Omit the images, then repeat the listing exactly.

- **Dataset content**:
____
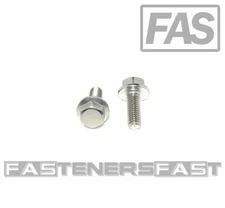 (25) M6 x 1.00 x 16 Stainless Steel DIN6921 A2 Hex Flange Bolts M6x16mm Flange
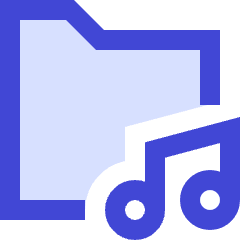 Music Folder Song Alternative Icon from Sharp Duo Set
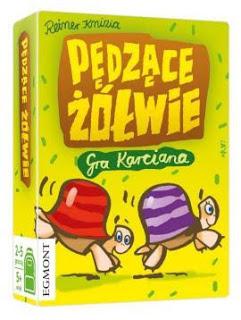 Pędzące Żółwie - Karciany wyścig do sałaty!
____
- **Response**:
 (25) M6 x 1.00 x 16 Stainless Steel DIN6921 A2 Hex Flange Bolts M6x16mm Flange
 Music Folder Song Alternative Icon from Sharp Duo Set
 Pędzące Żółwie - Karciany wyścig do sałaty!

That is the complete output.